The lesson in this? There are many, but a key point is that when life becomes hectic outside of training (and, unless you’re a professional athlete, whose doesn’t?!), I’m better served by tweaking the training schedule, in order to remain healthy. Sacrificing some miles is a better answer than forcing them in just to feed my ego. I’d rather be running less than sitting on the couch covered in ice packs.
With this part figured out, I still had a fantastic case of tendonitis to deal with and just six weeks left until the Boston Marathon. My OCD wasn’t done with me yet. So, I fired off an e-mail to my good friend Christine—a.k.a. the Holistic Guru—to find out what I should be eating in order to promote healing.
As usual, she had some sage advice.
To be continued…
Tuesday, March 3, 2009
I’ve been in a funk. I confess that I used to think that Seasonal Affective Disorder was a load of crap. People honestly want to blame the weather for their woes? Really? Well, let me tell you. Spend one harsh winter training for a marathon by yourself in the Pocono Mountains and you, too, will become a believer.
Fortunately, I’m not one to wallow. The endless inches of ice and snow, the gray skies, the wind-chill factor, and the general feeling of isolation were starting to bring me down. I was struggling with the simplest work assignments. And Mother Nature had interfered with one too many of my workouts. So, two e-mails and a plane ticket later, I was on my way to visit friends in Southern California; a bag of running gear and my laptop in tow.
My California adventure began in “the O.C.” with the O’Briens—friends who I love dearly and can never get enough of. With a new house I hadn’t yet seen and a new son I hadn’t yet met, it was the perfect opportunity to visit. And thankfully they didn’t seem to mind that I invited myself. Yes, I have good friends.
I could write a lot about how nice it felt to head outside in shorts and a tank top, instead of the usual three layers of winter gear. I could talk about how I couldn’t help but feel unadulterated bliss in the California sun on that first morning, looping around suburbia for six easy miles. I could recount the 16-mile, hamstring-burning adventure on the fire roads that twisted up and down and up and down the canyon hills.
But what I really cherished were my afternoon runs with Finn.
Finn is all of 22 months old. Did you know that kids don’t even have patellas at that age? No joke. He’s got no knee caps yet--well, technically they’re there, they just haven’t ossified yet. But, I’m telling you that the boy can run. And he loves it.
Finn, who hasn’t been slowed down in the wake of taking on “big brother” status, lives the life of an elite, professional runner.
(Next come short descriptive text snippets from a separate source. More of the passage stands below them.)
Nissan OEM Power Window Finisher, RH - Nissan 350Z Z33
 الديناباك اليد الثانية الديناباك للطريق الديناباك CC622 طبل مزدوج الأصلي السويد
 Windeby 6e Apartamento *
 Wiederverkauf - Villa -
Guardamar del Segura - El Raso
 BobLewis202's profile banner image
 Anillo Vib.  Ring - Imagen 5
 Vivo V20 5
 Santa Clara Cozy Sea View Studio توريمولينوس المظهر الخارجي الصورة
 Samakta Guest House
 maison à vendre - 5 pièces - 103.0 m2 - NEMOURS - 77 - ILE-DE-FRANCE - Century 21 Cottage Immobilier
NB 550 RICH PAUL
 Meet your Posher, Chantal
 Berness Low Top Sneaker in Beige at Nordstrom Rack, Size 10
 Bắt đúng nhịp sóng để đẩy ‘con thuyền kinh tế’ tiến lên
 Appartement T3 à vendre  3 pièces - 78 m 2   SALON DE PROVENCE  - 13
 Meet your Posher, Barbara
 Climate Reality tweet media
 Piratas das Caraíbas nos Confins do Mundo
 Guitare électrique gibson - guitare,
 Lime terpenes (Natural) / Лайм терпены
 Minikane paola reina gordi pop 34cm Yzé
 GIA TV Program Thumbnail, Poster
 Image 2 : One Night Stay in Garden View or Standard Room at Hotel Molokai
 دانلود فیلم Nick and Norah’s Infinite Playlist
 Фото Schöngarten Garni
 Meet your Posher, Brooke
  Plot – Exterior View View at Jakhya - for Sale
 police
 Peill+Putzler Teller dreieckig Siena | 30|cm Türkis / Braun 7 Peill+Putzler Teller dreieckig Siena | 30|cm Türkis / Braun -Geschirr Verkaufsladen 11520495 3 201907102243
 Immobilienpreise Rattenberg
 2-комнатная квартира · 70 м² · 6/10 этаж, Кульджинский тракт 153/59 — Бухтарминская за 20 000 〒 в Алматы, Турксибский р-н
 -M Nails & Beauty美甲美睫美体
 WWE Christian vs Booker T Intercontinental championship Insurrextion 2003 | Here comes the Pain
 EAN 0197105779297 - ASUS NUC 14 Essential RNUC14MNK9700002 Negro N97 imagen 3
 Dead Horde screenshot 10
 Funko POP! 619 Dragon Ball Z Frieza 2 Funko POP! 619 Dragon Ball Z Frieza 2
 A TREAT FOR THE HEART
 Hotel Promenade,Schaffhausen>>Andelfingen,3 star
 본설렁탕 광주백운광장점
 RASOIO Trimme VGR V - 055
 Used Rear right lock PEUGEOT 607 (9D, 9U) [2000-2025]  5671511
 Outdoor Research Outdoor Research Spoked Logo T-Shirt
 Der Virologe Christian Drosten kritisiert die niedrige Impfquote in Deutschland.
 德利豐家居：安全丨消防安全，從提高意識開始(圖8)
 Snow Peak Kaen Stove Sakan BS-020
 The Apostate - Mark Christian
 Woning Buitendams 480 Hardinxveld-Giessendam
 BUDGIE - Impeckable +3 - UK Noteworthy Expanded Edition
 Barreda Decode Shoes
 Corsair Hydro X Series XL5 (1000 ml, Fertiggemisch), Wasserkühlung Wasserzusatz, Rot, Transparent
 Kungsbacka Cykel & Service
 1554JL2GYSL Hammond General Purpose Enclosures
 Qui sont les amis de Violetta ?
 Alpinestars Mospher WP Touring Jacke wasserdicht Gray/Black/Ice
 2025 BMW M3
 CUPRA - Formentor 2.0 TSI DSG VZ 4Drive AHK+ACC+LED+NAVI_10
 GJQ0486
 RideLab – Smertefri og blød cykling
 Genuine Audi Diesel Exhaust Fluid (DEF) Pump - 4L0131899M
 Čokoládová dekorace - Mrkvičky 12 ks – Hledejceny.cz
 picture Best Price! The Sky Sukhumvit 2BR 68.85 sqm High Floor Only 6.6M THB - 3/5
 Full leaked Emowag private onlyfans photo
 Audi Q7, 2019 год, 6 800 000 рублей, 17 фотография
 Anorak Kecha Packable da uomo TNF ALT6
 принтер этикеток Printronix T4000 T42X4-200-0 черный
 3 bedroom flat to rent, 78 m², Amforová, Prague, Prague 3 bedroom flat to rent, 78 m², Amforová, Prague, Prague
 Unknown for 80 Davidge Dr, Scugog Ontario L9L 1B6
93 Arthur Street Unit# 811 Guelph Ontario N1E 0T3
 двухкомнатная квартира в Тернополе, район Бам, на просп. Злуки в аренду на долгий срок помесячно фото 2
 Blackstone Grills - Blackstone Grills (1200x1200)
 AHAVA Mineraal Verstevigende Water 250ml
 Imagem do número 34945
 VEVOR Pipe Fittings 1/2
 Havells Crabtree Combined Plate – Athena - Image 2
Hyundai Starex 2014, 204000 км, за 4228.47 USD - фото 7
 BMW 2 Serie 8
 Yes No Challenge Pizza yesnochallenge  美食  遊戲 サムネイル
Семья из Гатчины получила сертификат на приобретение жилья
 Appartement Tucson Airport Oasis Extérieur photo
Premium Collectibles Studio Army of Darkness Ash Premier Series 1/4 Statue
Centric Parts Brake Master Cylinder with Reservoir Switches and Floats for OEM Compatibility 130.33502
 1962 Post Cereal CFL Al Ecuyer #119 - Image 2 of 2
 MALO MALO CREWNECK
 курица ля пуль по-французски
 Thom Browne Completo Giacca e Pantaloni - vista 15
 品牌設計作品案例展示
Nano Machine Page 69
He wakes up early, has a healthy breakfast of plain yogurt, cheerios, and “nanas!” before he hits the playroom for his morning session of tricycle riding, sprinting around the playground, and climbing on the jungle-gym play set. After a few hours, he heads in for lunch, downs some milk, water, and almond-butter sandwich on whole wheat bread, and takes a nap.
And then the afternoon running session begins. Finn was kind enough to invite me to join him, preventing me from becoming too lazy after my own training was long over for the day. Once sprung from his stroller, Finn takes my hand and takes off, squealing with joy, pulling me along for the journey.
His face? Glowing with an enormous smile. There is nothing in the world the boy would rather be doing than moving forward as fast as he’s able. He views running as freedom and fun. He doesn’t worry about pace, time, mileage, form. He stops for water when he’s thirsty. He looks at the scenery along the way, especially enamored with anything resembling the shape of a circle (“Kirkle!” ). He says hi to other people passing by. He doesn’t know what tired is or that what he’s doing is hard work. When he meets a hill, he charges at it, screaming, “Up, up, up, up, up!!!!!”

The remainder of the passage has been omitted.